OK, so, equipped with this cool new tool, our intrepid team of exoplanet hunters realized that Proxima’s shifting emission lines made sense if the star was wobbling in a tight circle, moving at about a mile per hour over a period of 11 Days. That would then be the length of the year of a hypothetical exoplanet responsible for that motion.  Such a short orbital period, combined with the star’s mass, gave them an orbital radius for the exoplanet of around 20 times smaller than the Earth’s. That sounds perilous, until you realize that Proxima’s energy output is nearly 600 times lower than the Sun’s. That places the new exoplanet exactly in the habitable zone of the star - just the right distance for the intensity of the star’s radiation to potentially allow water to exist in liquid form.

There was one more stunning calculation to come: with the distance between exoplanet and star combined with the speed of the wobble, astronomers could calculate its mass. It’s practically the same as the Earth’s. Maybe 10-50% more massive, but almost certainly a rocky world, of the type sometimes inhabited by bipedal apes. Suddenly, after centuries of pondering the alpha-centauri system, it’s full significance became clear. The nearest habitable exoplanet orbited the nearest star. Surely we’d identified the first port of call for our interstellar future.

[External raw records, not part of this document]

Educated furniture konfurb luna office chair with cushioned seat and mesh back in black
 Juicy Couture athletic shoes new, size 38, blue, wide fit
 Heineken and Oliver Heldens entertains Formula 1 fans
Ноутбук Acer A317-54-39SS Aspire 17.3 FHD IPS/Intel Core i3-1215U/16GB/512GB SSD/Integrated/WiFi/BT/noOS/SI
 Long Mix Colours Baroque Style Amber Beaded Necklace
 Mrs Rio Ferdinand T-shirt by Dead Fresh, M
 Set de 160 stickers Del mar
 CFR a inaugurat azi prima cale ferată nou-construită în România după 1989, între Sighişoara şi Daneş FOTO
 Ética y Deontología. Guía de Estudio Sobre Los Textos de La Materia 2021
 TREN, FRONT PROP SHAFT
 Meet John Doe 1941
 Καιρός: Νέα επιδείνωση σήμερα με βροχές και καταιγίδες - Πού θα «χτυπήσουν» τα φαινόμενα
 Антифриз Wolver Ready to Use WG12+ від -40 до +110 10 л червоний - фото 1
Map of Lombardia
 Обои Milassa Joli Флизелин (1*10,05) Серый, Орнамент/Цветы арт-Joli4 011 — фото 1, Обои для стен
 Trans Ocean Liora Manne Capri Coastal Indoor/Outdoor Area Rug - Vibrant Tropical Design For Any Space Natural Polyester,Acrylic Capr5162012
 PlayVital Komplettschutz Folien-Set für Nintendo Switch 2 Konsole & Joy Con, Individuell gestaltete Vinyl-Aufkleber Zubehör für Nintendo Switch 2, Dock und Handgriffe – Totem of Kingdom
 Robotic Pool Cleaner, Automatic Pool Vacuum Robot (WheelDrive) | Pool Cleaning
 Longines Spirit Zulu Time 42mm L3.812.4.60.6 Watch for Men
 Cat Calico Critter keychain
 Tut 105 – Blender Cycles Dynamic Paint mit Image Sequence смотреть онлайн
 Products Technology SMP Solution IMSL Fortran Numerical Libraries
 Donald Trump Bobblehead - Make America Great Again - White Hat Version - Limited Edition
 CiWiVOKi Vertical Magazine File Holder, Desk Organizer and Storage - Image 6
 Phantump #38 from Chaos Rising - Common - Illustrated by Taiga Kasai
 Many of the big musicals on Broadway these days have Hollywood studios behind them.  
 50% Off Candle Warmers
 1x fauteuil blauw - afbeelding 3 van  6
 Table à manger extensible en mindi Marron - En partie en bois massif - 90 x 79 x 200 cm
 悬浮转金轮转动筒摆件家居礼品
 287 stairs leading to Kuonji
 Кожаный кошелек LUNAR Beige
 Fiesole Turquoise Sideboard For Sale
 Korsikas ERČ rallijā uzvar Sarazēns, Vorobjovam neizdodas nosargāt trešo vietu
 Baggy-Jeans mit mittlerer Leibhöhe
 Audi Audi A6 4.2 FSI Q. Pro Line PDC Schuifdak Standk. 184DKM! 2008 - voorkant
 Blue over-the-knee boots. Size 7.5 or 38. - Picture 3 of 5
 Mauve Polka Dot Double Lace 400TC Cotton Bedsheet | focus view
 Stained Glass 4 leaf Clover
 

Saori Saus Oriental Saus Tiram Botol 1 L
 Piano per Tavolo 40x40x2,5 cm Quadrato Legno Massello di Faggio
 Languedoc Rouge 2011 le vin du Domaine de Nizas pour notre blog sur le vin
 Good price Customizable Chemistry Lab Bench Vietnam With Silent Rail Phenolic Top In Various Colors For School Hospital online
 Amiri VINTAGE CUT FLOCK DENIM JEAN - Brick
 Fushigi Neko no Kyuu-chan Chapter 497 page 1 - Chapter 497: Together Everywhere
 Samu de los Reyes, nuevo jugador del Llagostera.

The discovery of this exoplanet - Proxima Centauri B - or Proxima-B - was just the first of this little star’s surprises. In 2019 a new team reported the discovery of a second exoplanet, its signature also embedded in the slow dance of Proxima’s emission lines. Proxima C is much bigger than it’s earth-like neighbour, at 7 times earth’s mass. It’s also way further out, with 5-year orbit at the same distance as Mars. And then in 2020 a third exoplanet was tentatively identified. The prospective Proxima D is just a quarter of Earth mass and orbits once every 5 days, well inside the orbit of Proxima B. That’s interior to the habitable zone, making this prospective exoplanet literally boiling hot. Followup observations in January this year somewhat solidified the measurements of Proxima D.

And that brings us to today, approaching 2 millennia since Ptolemy’s observation. We have a bona fide planetary system in at least one of the stars in the Alpha-Cen system. And there are much more tentative detections of planets around its Sun-like siblings - a Neptunish body may have been imaged around Rigel Kentaurus and an Earth-sized body may have transited Toliman on an orbit that would fry it to a crisp. Those are quite speculative. But Proxima B is almost certainly real, and so weirdly similar to the Earth. But is it similar enough to have an atmosphere? Oceans? Life? Let’s take a closer look.

One very important point is that Proxima B is probably tidally locked to its star. It’s close proximity to the star means strong tidal forces, which will have forced the planet’s rotation period to be in resonance with its orbital period. The simplest case is for the length of the planet’s day to be the same as its year - both 11.2 earth days in this case. That would keep the same side of the planet facing the star at all times. One side baked and the other frozen, and perpetual twilight at the boundary. This situation doesn’t sound conducive to life for many reasons. For one thing, unless there’s a lot of atmospheric circulation, that permanent night could cause the atmosphere to collapse, freezing it to the surface. But it may also be that the large temperature differential drives powerful atmospheric convection - planet-wide gales of extraordinary strength that could distribute heat from the day-side to the night. Or if the planet has significant oceans, these could also distribute heat.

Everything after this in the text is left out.